Thanks for the photos asnd the review - looks like a good heavy lathe. Hope you get used to it soon and back in the saddle. Nice that you were able to pick it up relatively close by.
How much was it?


----------



## ripjack13 (Sep 4, 2016)

Tclem said:


> I do have all my teeth. Lol


In a jar.....

Reactions: Funny 2


----------



## Tclem (Sep 4, 2016)

Mike1950 said:


> Sorry you need a walker....... I can see why Henry has to keep an eye on yer spelin....


That's kinda like I do and I don't


----------



## Schroedc (Sep 4, 2016)

deltatango said:


> Thanks for the photos asnd the review - looks like a good heavy lathe. Hope you get used to it soon and back in the saddle. Nice that you were able to pick it up relatively close by.
> How much was it?



720 on sale.

Reactions: Like 2


----------



## CWS (Sep 5, 2016)

I use the Sunday newspaper when I wet sand.

Reactions: Like 1


----------



## woodtickgreg (Sep 5, 2016)

Very interesting comparison Colin. Glad you got a new lathe that suits your needs.

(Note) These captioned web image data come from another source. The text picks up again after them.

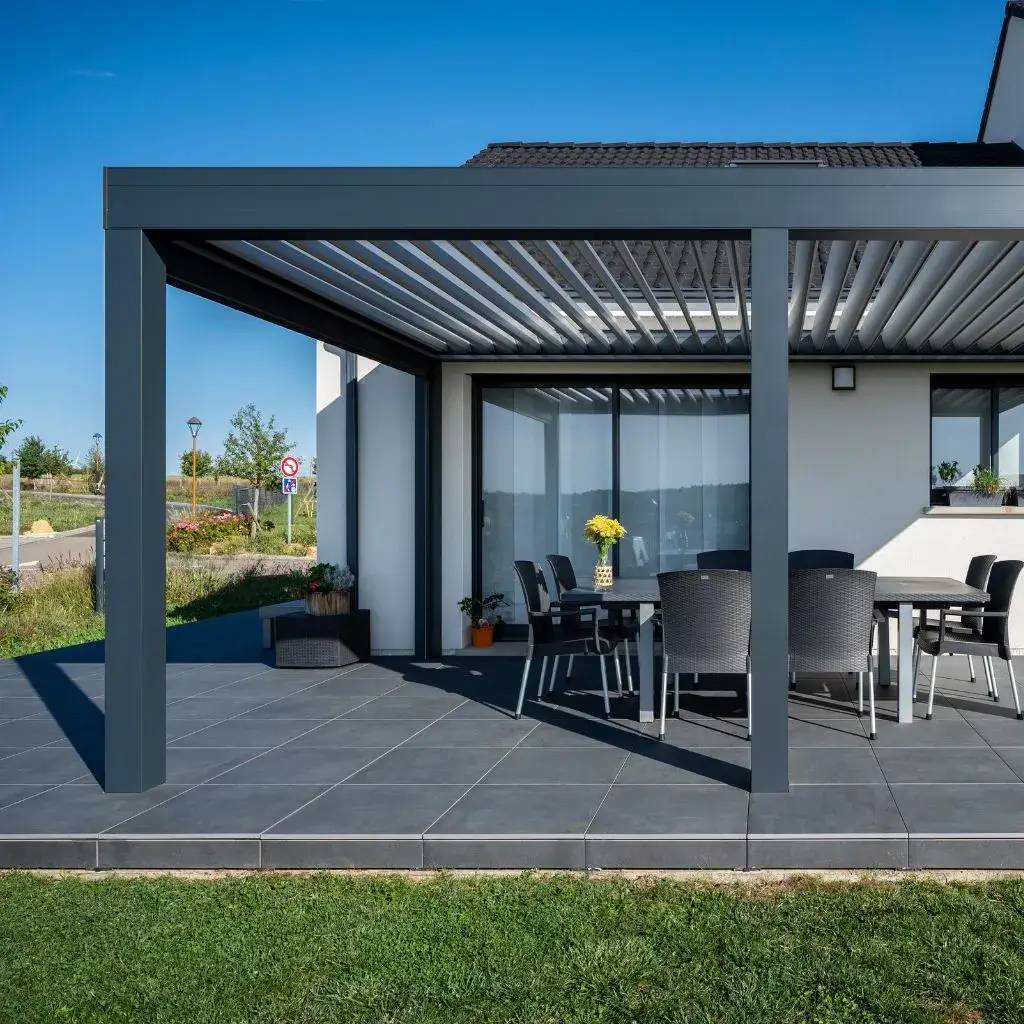 Une terrasse moderne avec une pergola bioclimatique et un ensemble de mobilier d'extérieur sous un ciel bleu.
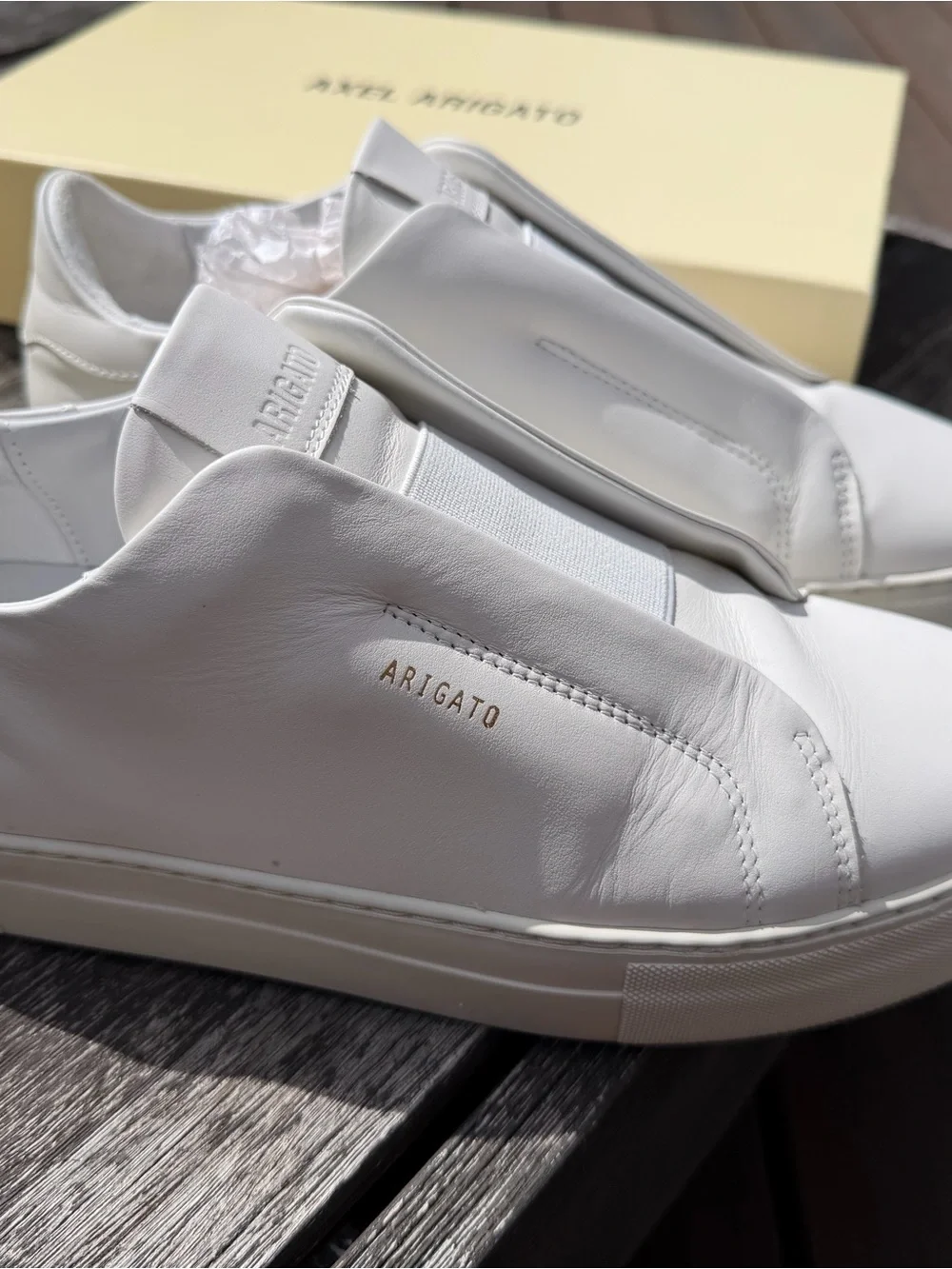 Axel Arigato White Leather Slip-On Sneakers with Gold Logo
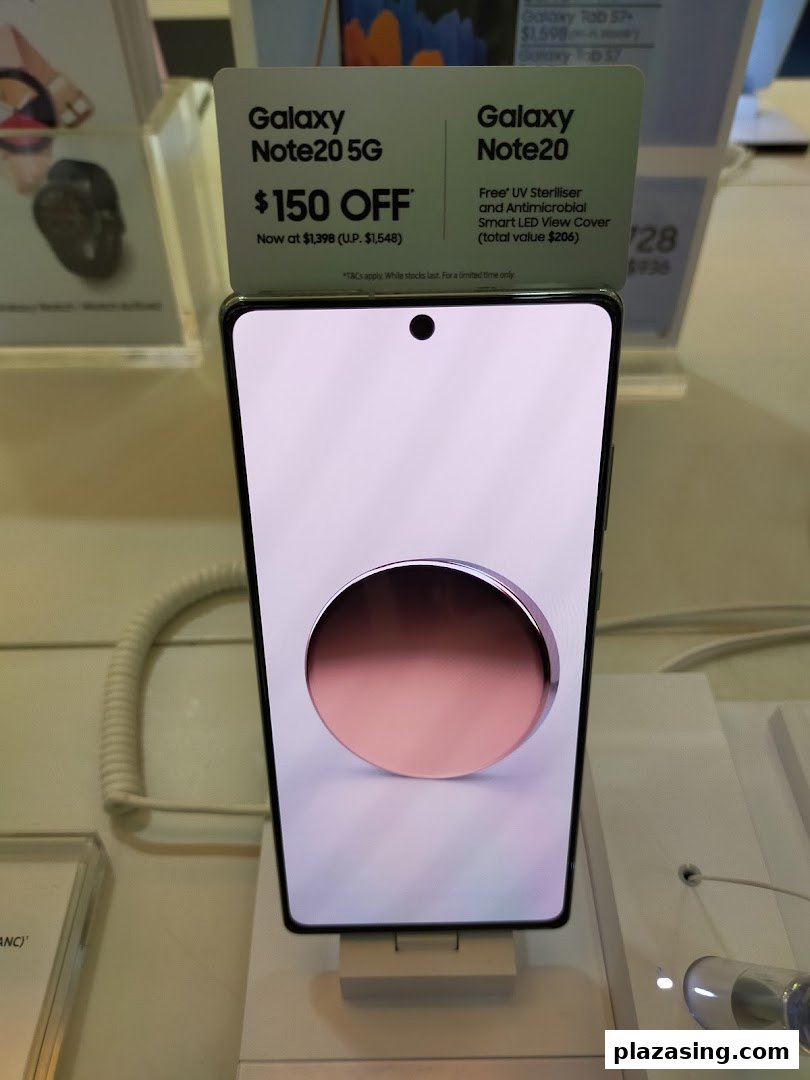 A Samsung Galaxy Note20 5G smartphone on display with promotional offers in a Samsung store.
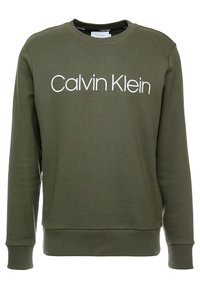 Felpa verde oliva con girocollo, polsini a coste e un grande logo bianco "Calvin Klein" sul petto. Tessuto morbido.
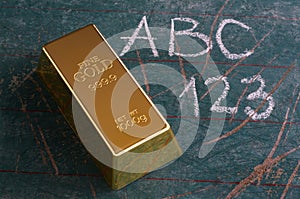 Value of Education Concept Gold Ingot on Old Schoolboard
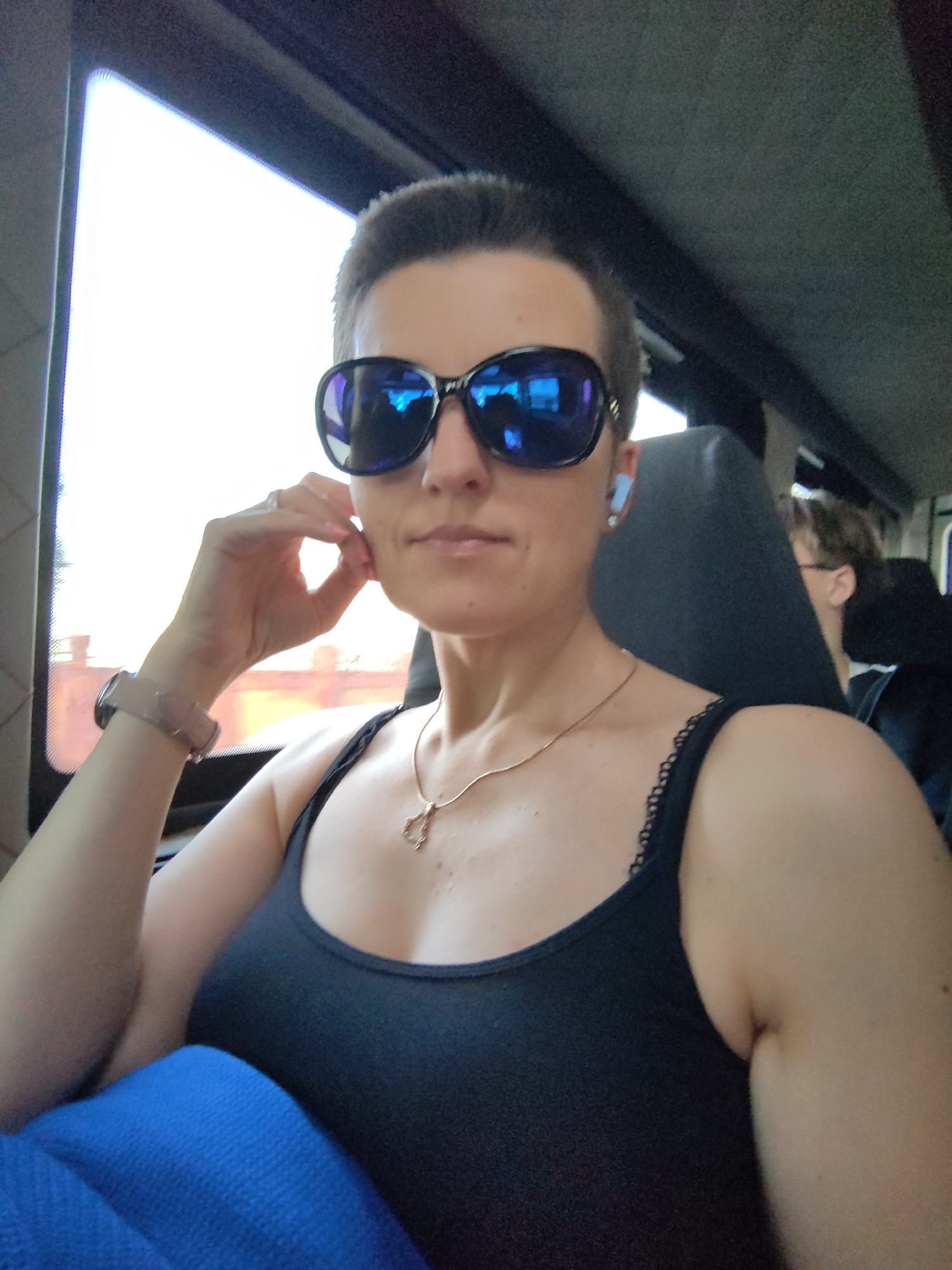 A woman with short dark hair, wearing sunglasses and a black tank top, is sitting in what appears to be a vehicle, possibly a bus or train, judging by the seats and window. She is wearing a silver necklace with a pendant and a smartwatch on her left wrist. Her right hand is resting on her chin, and she is looking towards the camera. The environment outside the window appears to be urban, with a blurred view of buildings. There is another person visible in the background, seated behind her. The lighting suggests it is daytime, possibly late afternoon. The location is identified as Minsk, Belarus.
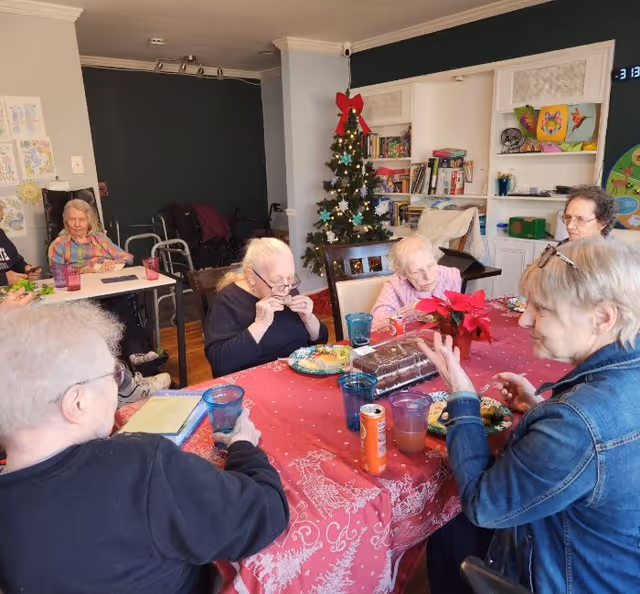A group of elderly people sitting around a table covered with a red holiday-themed tablecloth, eating and socializing. There is a decorated Christmas tree with a red bow on top in the background, along with bookshelves and holiday decorations. The setting appears to be a cozy common area in a senior living facility.
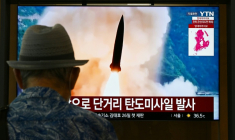 Des images d'archives d'un tir de missile nord-coréen diffusées lors d'un reportage sur un écran dans une gare de Séoul, le 6 août 2026 ( AFP / GREG BAKER )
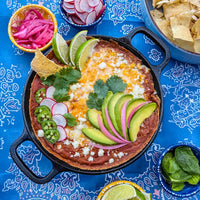 Southwest Cheesy Bean Dip on a Blue Background with bows of Chips Topped with Avacado, Cilantro Leaves and Radishes.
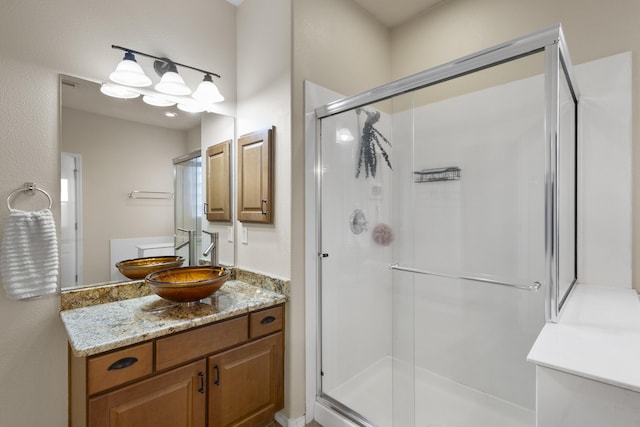 bathroom featuring vanity and an enclosed shower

I did like a lot of things on the Jet when I was looking and comparing them side by side. I loved the bed on the Jet. I think for me in the end it was the 1" tool post and the cost that sold me on the Rikon. I grabbed it on an introductory sale and it was like $549 or something? Quiet a bit cheaper than the jet. But as I said earlier, interesting to see what a pro deams as important verses a hobby turner. You made good intelligent choices to suit your needs. Also good to know that jet has stepped up their warranty too!
I will say this, the lathes I looked at in my local wood craft where tight and right! Side by side to make good comparisons. There was nothing I saw on either one that said they where put together wrong or cheaply built. Not good that you got a bad impression on that. But I am very happy that you got a great lathe that you are happy with, either one would be a great choice for any turner I think.


----------



## Schroedc (Sep 5, 2016)

woodtickgreg said:


> Very interesting comparison Colin. Glad you got a new lathe that suits your needs. I did like a lot of things on the Jet when I was looking and comparing them side by side. I loved the bed on the Jet. I think for me in the end it was the 1" tool post and the cost that sold me on the Rikon. I grabbed it on an introductory sale and it was like $549 or something? Quiet a bit cheaper than the jet. But as I said earlier, interesting to see what a pro deams as important verses a hobby turner. You made good intelligent choices to suit your needs. Also good to know that jet has stepped up their warranty too!
> I will say this, the lathes I looked at in my local wood craft where tight and right! Side by side to make good comparisons. There was nothing I saw on either one that said they where put together wrong or cheaply built. Not good that you got a bad impression on that. But I am very happy that you got a great lathe that you are happy with, either one would be a great choice for any turner I think.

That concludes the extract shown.